È recente la tregua in corso nella Striscia di Gaza, così come la ventilata ipotesi delle linee guida per un futuribile piano di pace in Ucraina. Se da un canto è evidente la precarietà di questi tentativi, dall’altro anche degli altri conflitti in corso si parla poco e a intermittenza.

Avendo osservato da tempo l’inefficacia del ruolo degli organismi internazionali che dovrebbero occuparsene, crediamo che molte persone, come noi, si siano convinte che ormai il vero business sia la guerra, che è il settore che garantisce meglio ritorni significativi in un periodo di crisi.

Purtroppo le conferme ci arrivano da un interessante dossier in tre puntate recentemente elaborato dal sito atlanteguerre.it. 

I dati analizzano i principali fornitori di armi in Emilia-Romagna, Veneto e Lombardia. Il risultato ci dice che l’industria bellica è cresciuta in modo significativo, portando a una progressiva transizione delle aziende civili verso il militare: molte di queste appartenevano al settore automobilistico. Spionaggio e sicurezza sono i settori che hanno suscitato il più recente interesse da parte delle aziende intenzionate a trasformarsi.

La progettazione, la produzione e la commercializzazione di armi e di sistemi di cyber security ha da sempre sollevato grande preoccupazione per l’aspetto etico che investe. Il controllo democratico sulla gestione e sulle conseguenze è una richiesta che sta alla base della nascita di gruppi di cittadinə che non vogliono esserne esclusə. 

Il dossier, infatti, dimostra che molte delle armi prodotte in Italia vengono esportate nei conflitti internazionali e anche in paesi in cui i diritti umani vengono violati. Per non addentrarci, poi, nella citazione di prodotti nocivi all’ambiente come il Pfas, ad esempio.
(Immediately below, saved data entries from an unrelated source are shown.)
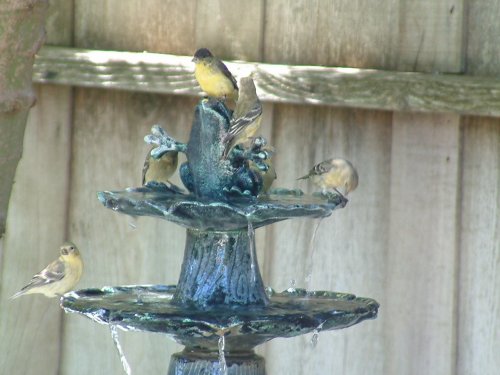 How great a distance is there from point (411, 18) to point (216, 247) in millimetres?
1713

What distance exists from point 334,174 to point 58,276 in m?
1.24

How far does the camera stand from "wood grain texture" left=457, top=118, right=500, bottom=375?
5000 millimetres

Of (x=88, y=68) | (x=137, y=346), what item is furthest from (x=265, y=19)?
(x=137, y=346)

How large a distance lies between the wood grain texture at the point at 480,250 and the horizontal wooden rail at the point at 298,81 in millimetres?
198

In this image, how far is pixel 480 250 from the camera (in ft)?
16.5

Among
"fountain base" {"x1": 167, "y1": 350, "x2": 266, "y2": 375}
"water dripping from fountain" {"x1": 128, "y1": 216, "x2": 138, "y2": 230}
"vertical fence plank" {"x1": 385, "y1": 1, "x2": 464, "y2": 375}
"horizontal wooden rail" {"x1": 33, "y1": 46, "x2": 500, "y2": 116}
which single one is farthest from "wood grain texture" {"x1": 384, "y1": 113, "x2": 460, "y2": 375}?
"fountain base" {"x1": 167, "y1": 350, "x2": 266, "y2": 375}

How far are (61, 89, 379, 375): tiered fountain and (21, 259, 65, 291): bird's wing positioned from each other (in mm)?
968

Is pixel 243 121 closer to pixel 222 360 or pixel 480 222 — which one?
pixel 222 360

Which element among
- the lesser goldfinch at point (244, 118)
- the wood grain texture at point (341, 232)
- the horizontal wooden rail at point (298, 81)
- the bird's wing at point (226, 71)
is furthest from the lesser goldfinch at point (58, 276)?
the lesser goldfinch at point (244, 118)

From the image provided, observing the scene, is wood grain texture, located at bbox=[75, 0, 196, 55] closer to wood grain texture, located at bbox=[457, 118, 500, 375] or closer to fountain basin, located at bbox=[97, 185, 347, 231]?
wood grain texture, located at bbox=[457, 118, 500, 375]

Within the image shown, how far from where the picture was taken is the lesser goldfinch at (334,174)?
192 inches

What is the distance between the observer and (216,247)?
Answer: 3869 mm

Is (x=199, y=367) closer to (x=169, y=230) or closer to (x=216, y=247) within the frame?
(x=216, y=247)

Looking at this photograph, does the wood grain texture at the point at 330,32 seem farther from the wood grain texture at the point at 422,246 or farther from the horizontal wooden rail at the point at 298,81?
the wood grain texture at the point at 422,246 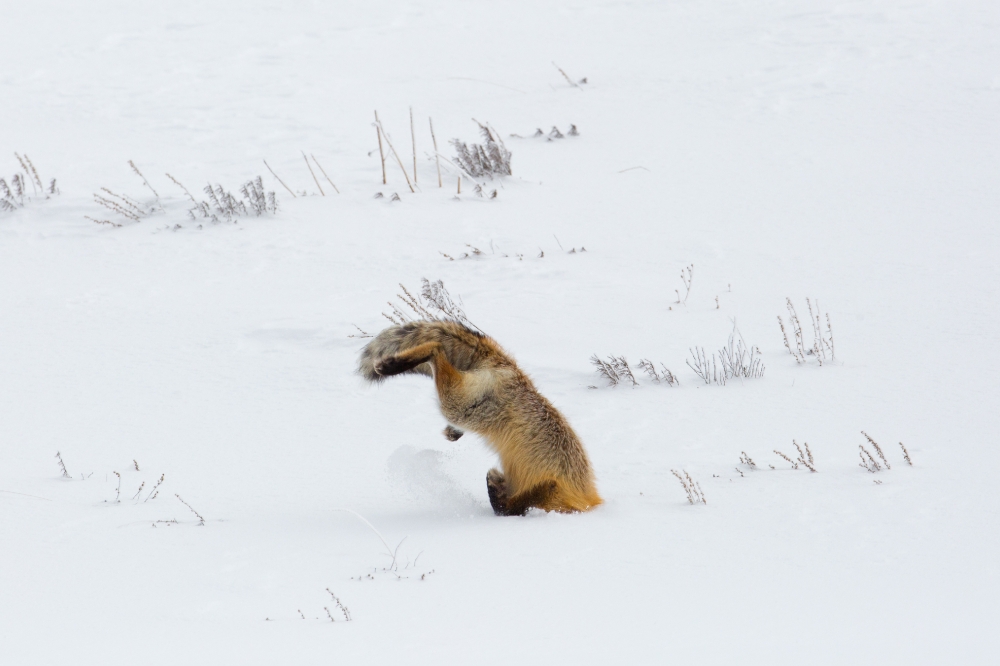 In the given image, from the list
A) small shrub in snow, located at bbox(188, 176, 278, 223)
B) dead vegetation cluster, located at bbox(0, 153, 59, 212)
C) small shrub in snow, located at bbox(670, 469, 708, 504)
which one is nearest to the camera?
small shrub in snow, located at bbox(670, 469, 708, 504)

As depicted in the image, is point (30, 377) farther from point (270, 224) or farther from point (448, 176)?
point (448, 176)

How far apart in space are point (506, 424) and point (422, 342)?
0.50 meters

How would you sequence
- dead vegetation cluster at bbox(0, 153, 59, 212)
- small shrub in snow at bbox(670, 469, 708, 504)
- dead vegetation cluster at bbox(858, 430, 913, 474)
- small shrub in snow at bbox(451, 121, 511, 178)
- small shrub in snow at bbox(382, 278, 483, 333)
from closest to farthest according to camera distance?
small shrub in snow at bbox(670, 469, 708, 504), dead vegetation cluster at bbox(858, 430, 913, 474), small shrub in snow at bbox(382, 278, 483, 333), dead vegetation cluster at bbox(0, 153, 59, 212), small shrub in snow at bbox(451, 121, 511, 178)

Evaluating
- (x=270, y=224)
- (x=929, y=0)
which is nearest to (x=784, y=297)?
(x=270, y=224)

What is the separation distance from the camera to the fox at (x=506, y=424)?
3713 mm

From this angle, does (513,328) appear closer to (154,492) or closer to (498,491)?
(498,491)

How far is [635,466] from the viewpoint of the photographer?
4355mm

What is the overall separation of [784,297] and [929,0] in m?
8.51

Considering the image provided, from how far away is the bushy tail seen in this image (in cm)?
372

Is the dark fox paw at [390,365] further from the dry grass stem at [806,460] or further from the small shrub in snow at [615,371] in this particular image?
the small shrub in snow at [615,371]

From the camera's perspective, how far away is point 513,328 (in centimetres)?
630

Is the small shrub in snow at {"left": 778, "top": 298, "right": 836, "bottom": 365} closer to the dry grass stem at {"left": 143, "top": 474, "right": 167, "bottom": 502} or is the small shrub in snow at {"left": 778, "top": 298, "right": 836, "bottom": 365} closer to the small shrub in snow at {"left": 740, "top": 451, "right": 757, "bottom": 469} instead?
the small shrub in snow at {"left": 740, "top": 451, "right": 757, "bottom": 469}

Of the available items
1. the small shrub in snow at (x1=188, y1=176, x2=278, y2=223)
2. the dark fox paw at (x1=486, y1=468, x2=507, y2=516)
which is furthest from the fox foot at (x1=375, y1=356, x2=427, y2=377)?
the small shrub in snow at (x1=188, y1=176, x2=278, y2=223)

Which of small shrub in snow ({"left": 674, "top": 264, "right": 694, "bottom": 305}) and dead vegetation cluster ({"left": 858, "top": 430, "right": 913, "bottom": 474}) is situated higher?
small shrub in snow ({"left": 674, "top": 264, "right": 694, "bottom": 305}) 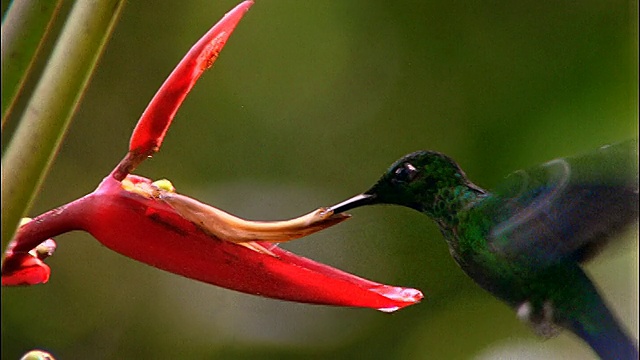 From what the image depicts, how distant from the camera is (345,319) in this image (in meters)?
2.80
Strettamente collegato alle preoccupazioni sopra espresse è il recente dibattito sulla legge 185/1990, che regola l’esportazione di armi italiane, imponendo la trasparenza sulle vendite all’estero. Il Parlamento sta affrontando una proposta che ne ridurrebbe la capacità di controllo, limitando gli obblighi di trasparenza bancaria. È evidente che i flussi delle vendite sarebbero sempre più difficili da rintracciare.

Oltre alla povertà e alle catastrofi naturali, sono le guerre che danno inizio al fenomeno migratorio. Siamo convinte che ignorare il collegamento fra conflitti e migrazioni non potrà che produrre politiche di ansia securitaria, decisamente inefficaci a risolvere entrambi i fenomeni.

Anche per questo siamo tornate in strada a chiedere che la tregua a Gaza sia un vero passo verso la liberazione dall’apartheid dei gazawi e dei palestinesi della Cisgiordania. Siamo in strada a chiedere che il piano di pace per l’Ucraina sia elaborato da tutti i protagonisti coinvolti. Chiediamo a chi legge i nostri cartelli di pace che ci aiutino a far sì che la guerra diventi l’affare meno remunerativo che si possa intraprendere.

Ogni mercoledì pomeriggio siamo al Caffè sociale a ricamare i nomi dei bambini e delle bambine mortə a Gaza. Mentre ricamiamo parliamo e costruiamo nuovi modi possibili: aspettiamo chiunque intenda farsi portavoce di giustizia sociale e di pace.